* _What to do_
Every entry should come back exactly as written, minus the pictures.

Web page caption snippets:

- - -

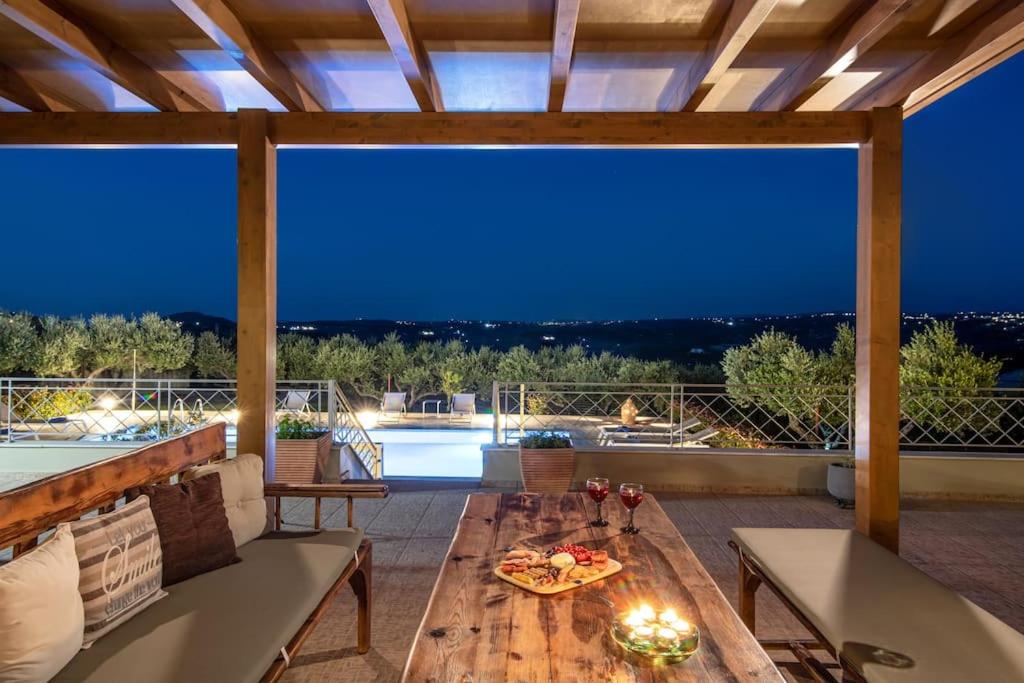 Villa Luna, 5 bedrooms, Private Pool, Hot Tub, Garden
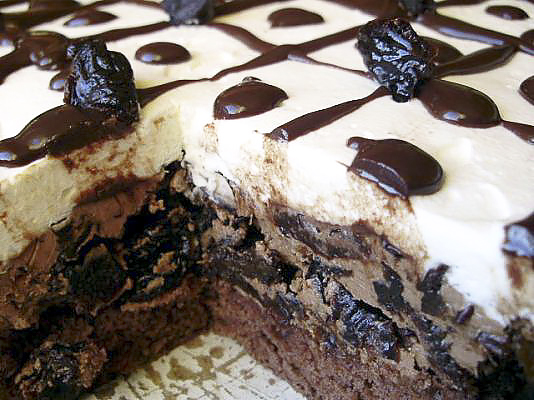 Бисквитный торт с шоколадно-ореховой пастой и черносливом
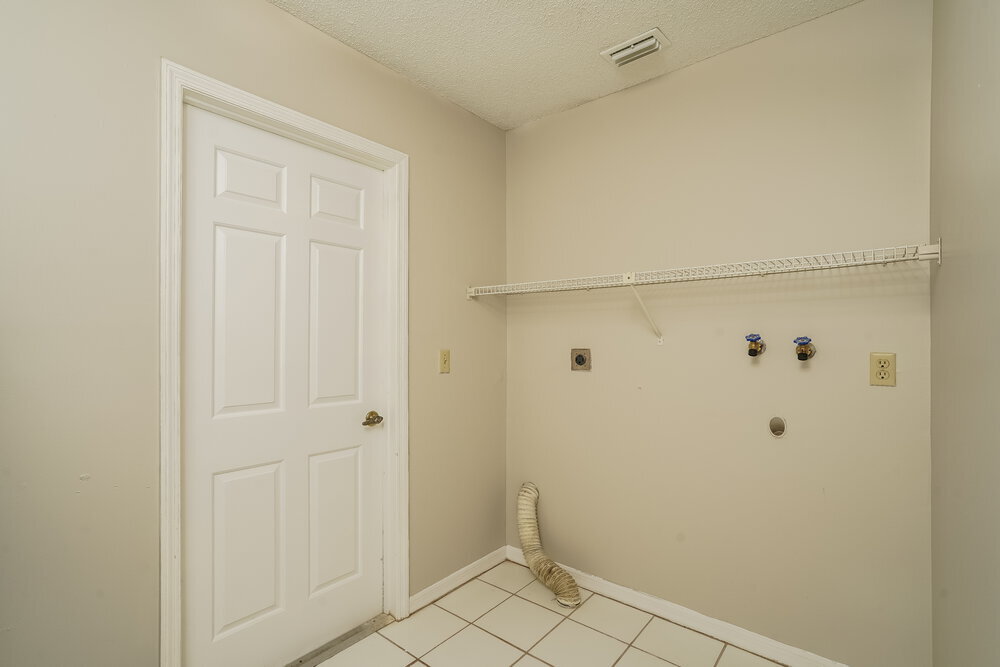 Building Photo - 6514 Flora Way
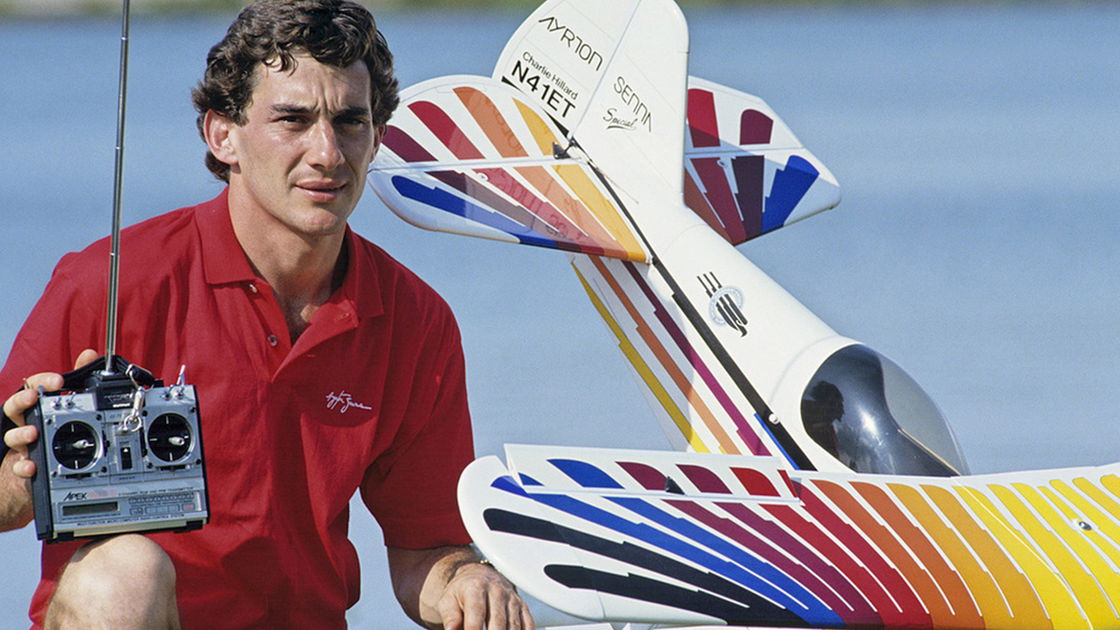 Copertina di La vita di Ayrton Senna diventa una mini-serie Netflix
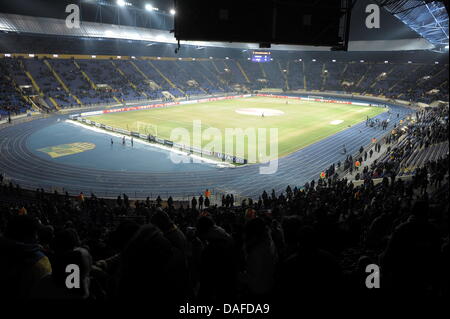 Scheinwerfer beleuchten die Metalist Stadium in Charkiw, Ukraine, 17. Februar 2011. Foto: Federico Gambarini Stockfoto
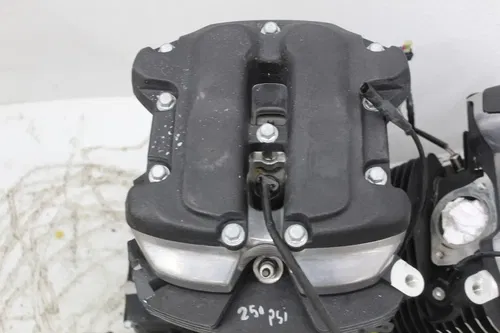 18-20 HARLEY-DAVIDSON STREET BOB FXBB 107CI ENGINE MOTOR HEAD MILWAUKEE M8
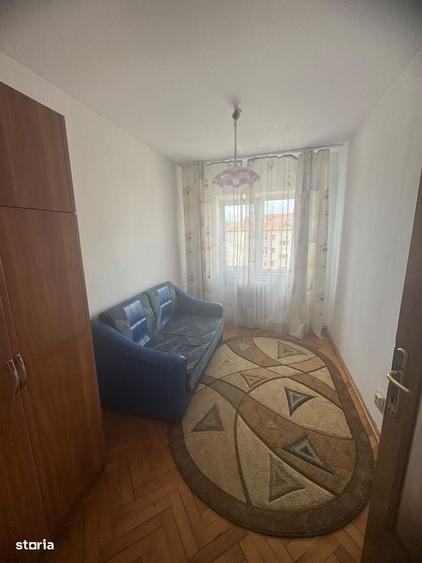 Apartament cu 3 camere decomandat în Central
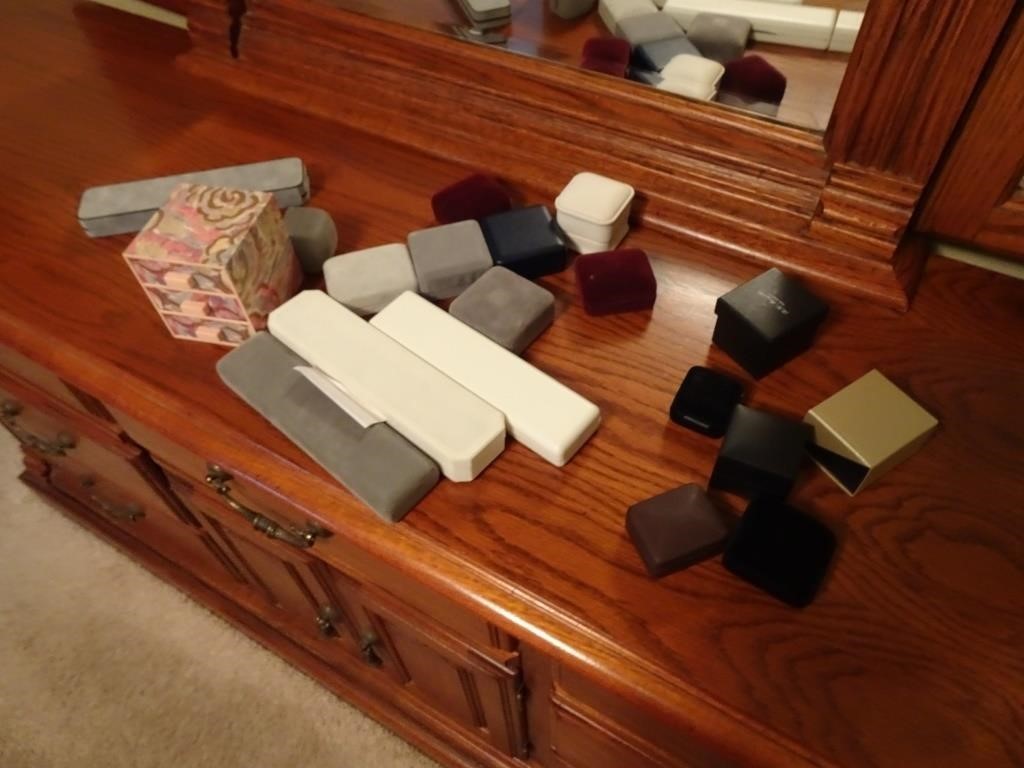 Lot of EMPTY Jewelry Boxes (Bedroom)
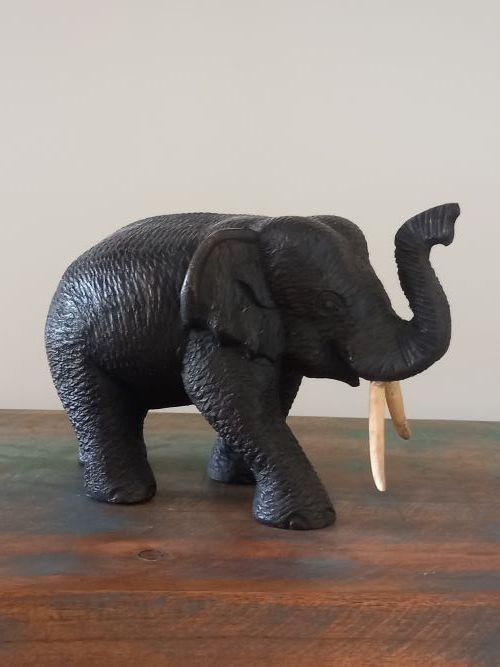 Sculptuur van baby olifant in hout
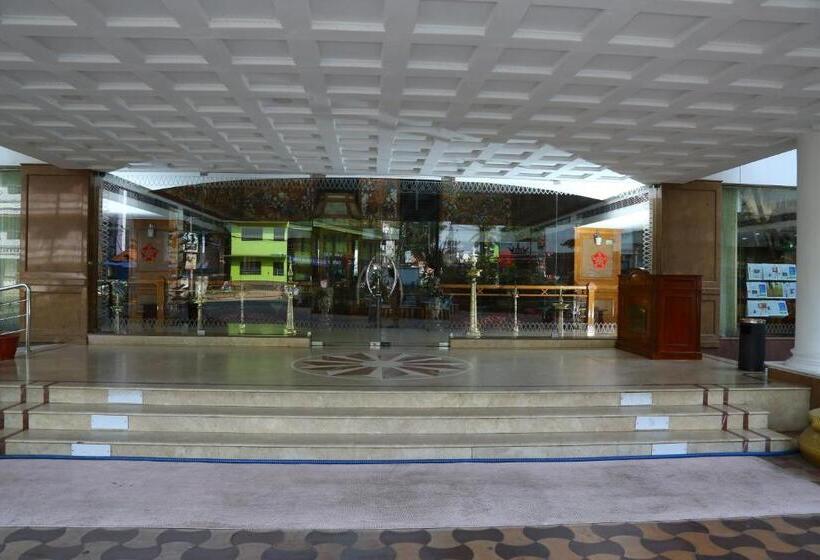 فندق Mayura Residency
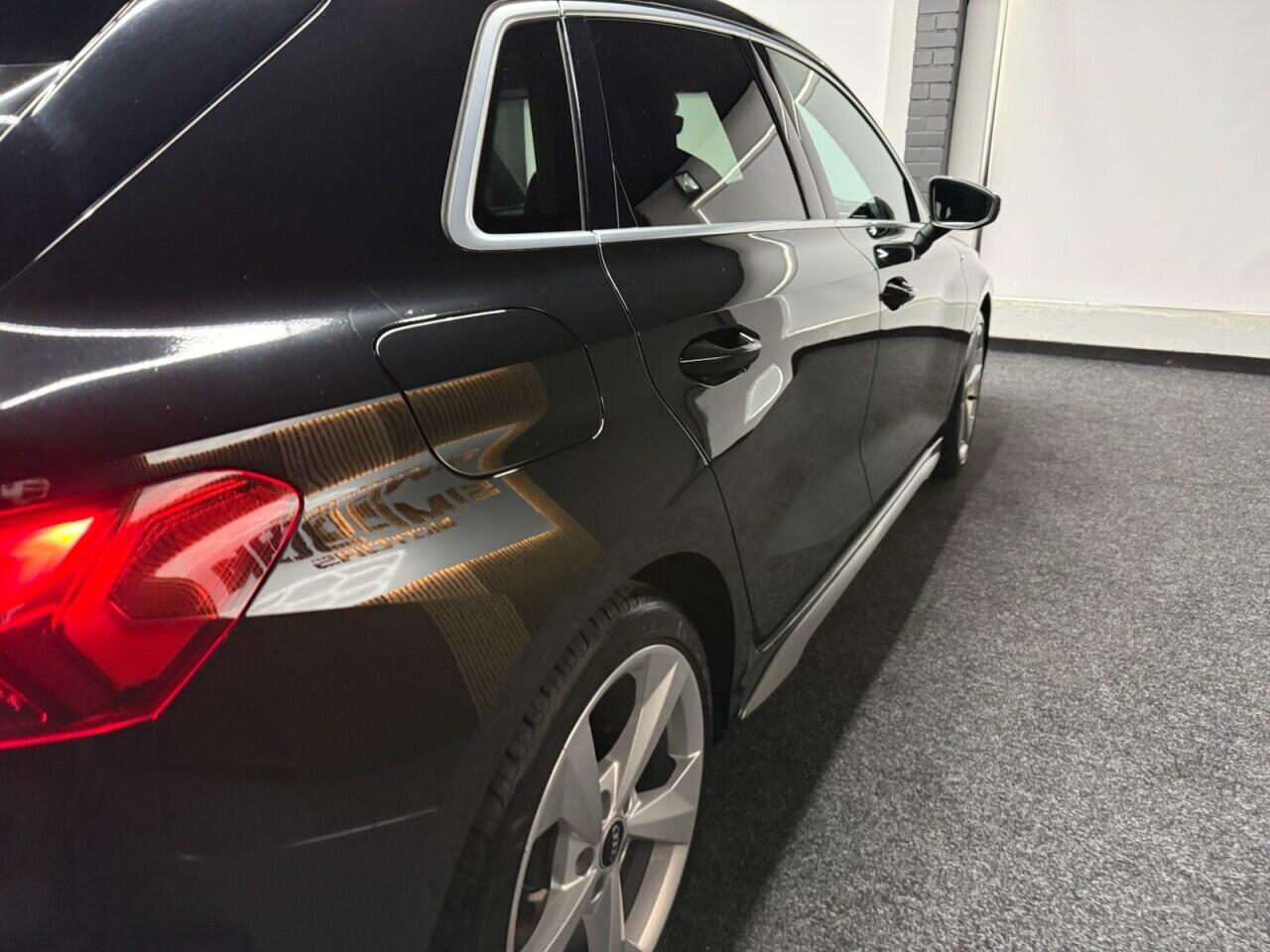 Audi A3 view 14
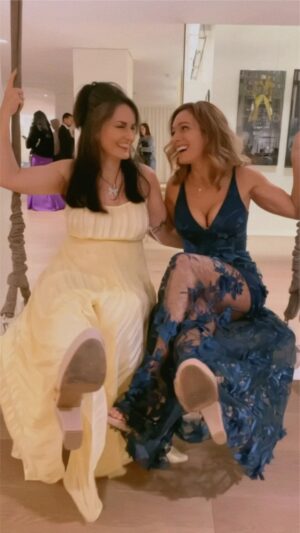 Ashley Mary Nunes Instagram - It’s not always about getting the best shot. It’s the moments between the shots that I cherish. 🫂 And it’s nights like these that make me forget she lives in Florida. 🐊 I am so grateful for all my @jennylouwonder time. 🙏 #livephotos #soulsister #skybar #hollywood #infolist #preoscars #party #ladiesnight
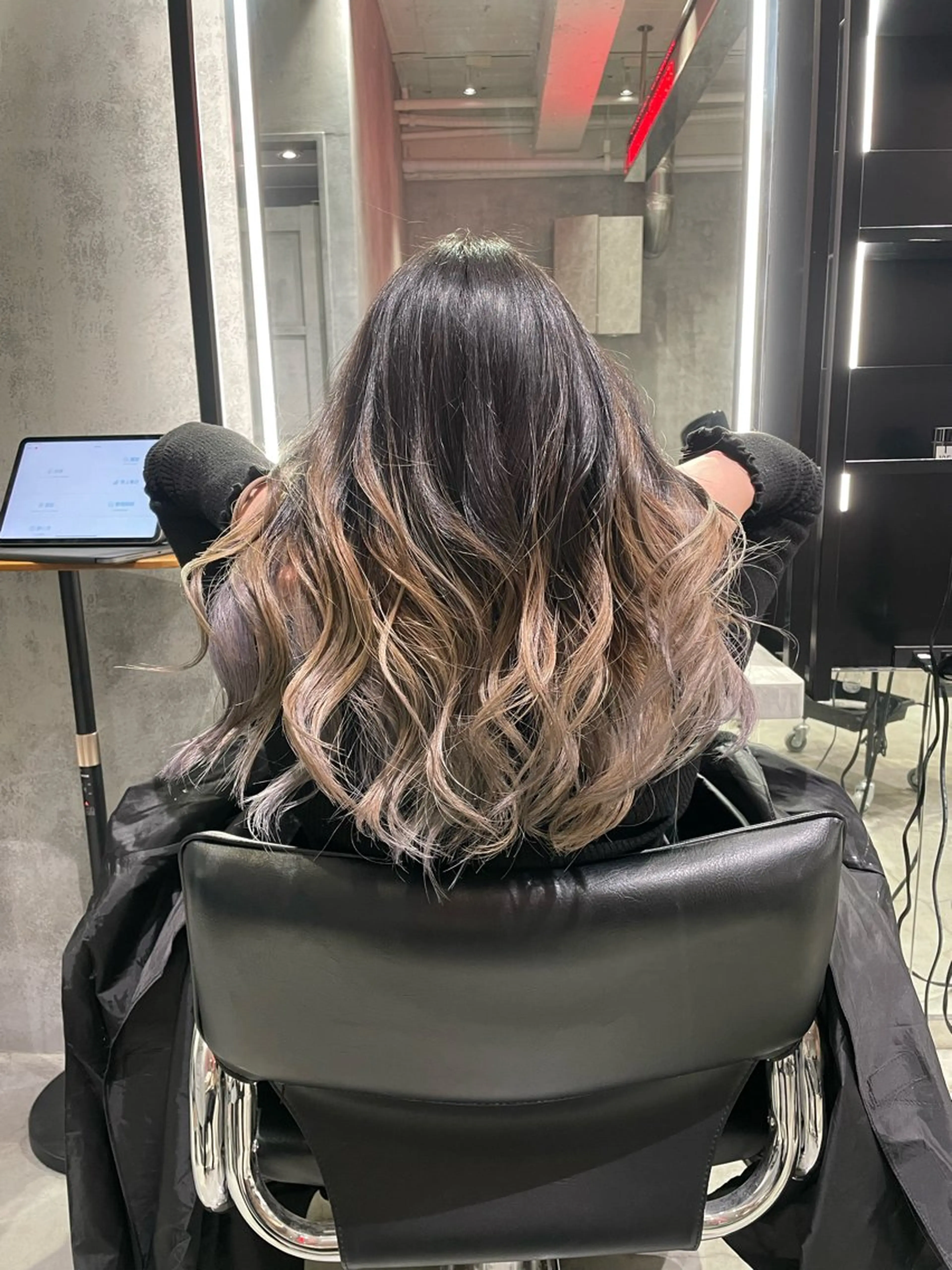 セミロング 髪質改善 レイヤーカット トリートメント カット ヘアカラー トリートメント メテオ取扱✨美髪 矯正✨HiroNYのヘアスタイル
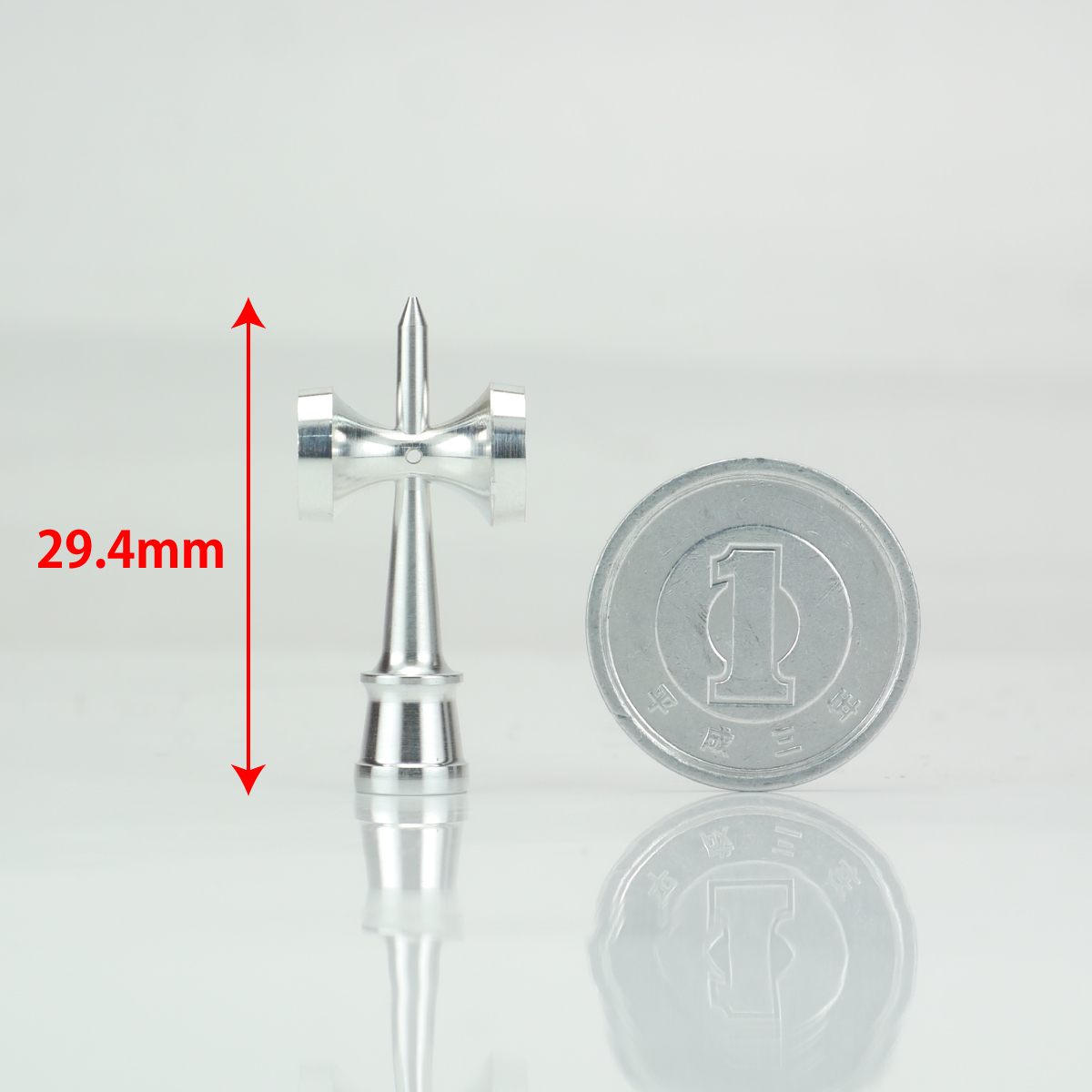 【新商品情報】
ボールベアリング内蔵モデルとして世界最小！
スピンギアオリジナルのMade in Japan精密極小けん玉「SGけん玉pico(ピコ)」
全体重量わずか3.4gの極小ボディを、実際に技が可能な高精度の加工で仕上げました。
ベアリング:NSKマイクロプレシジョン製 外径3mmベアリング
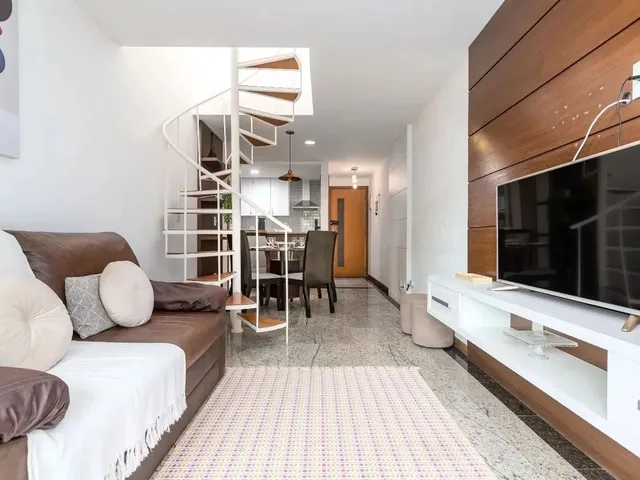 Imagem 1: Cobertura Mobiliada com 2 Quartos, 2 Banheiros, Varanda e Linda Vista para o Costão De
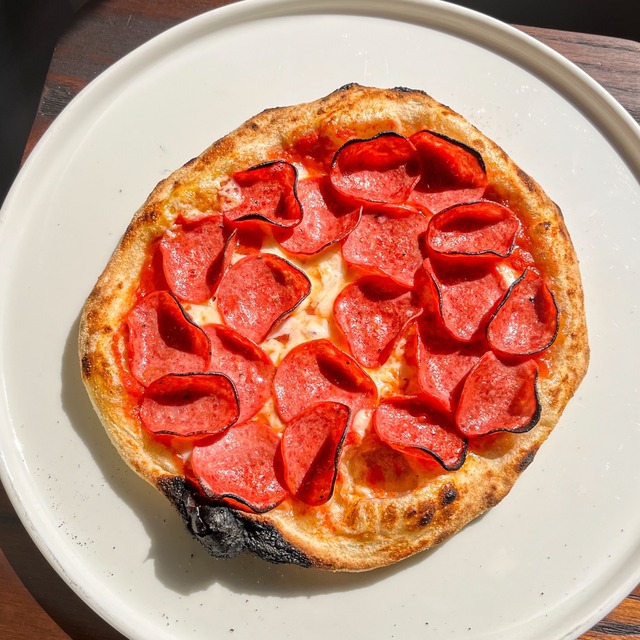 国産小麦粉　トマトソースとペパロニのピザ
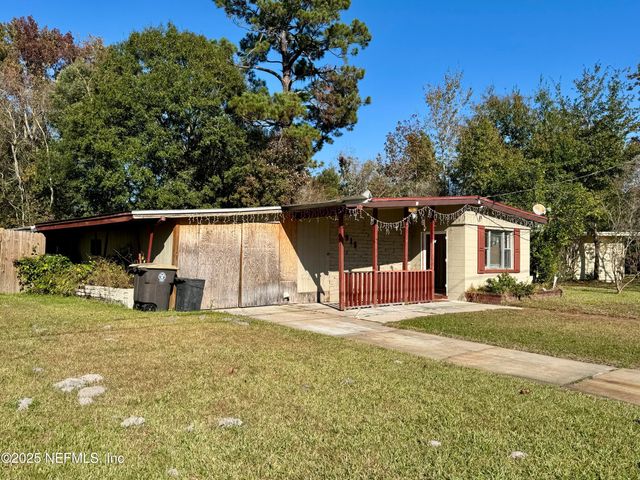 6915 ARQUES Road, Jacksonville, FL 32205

- - -

* _Exercise output_
 Villa Luna, 5 bedrooms, Private Pool, Hot Tub, Garden
 Бисквитный торт с шоколадно-ореховой пастой и черносливом
 Building Photo - 6514 Flora Way
 Copertina di La vita di Ayrton Senna diventa una mini-serie Netflix
 Scheinwerfer beleuchten die Metalist Stadium in Charkiw, Ukraine, 17. Februar 2011. Foto: Federico Gambarini Stockfoto
 18-20 HARLEY-DAVIDSON STREET BOB FXBB 107CI ENGINE MOTOR HEAD MILWAUKEE M8
 Apartament cu 3 camere decomandat în Central
 Lot of EMPTY Jewelry Boxes (Bedroom)
 Sculptuur van baby olifant in hout
 فندق Mayura Residency
 Audi A3 view 14
 Ashley Mary Nunes Instagram - It’s not always about getting the best shot. It’s the moments between the shots that I cherish. 🫂 And it’s nights like these that make me forget she lives in Florida. 🐊 I am so grateful for all my @jennylouwonder time. 🙏 #livephotos #soulsister #skybar #hollywood #infolist #preoscars #party #ladiesnight
 セミロング 髪質改善 レイヤーカット トリートメント カット ヘアカラー トリートメント メテオ取扱✨美髪 矯正✨HiroNYのヘアスタイル
 【新商品情報】
ボールベアリング内蔵モデルとして世界最小！
スピンギアオリジナルのMade in Japan精密極小けん玉「SGけん玉pico(ピコ)」
全体重量わずか3.4gの極小ボディを、実際に技が可能な高精度の加工で仕上げました。
ベアリング:NSKマイクロプレシジョン製 外径3mmベアリング
 Imagem 1: Cobertura Mobiliada com 2 Quartos, 2 Banheiros, Varanda e Linda Vista para o Costão De
 国産小麦粉　トマトソースとペパロニのピザ
 6915 ARQUES Road, Jacksonville, FL 32205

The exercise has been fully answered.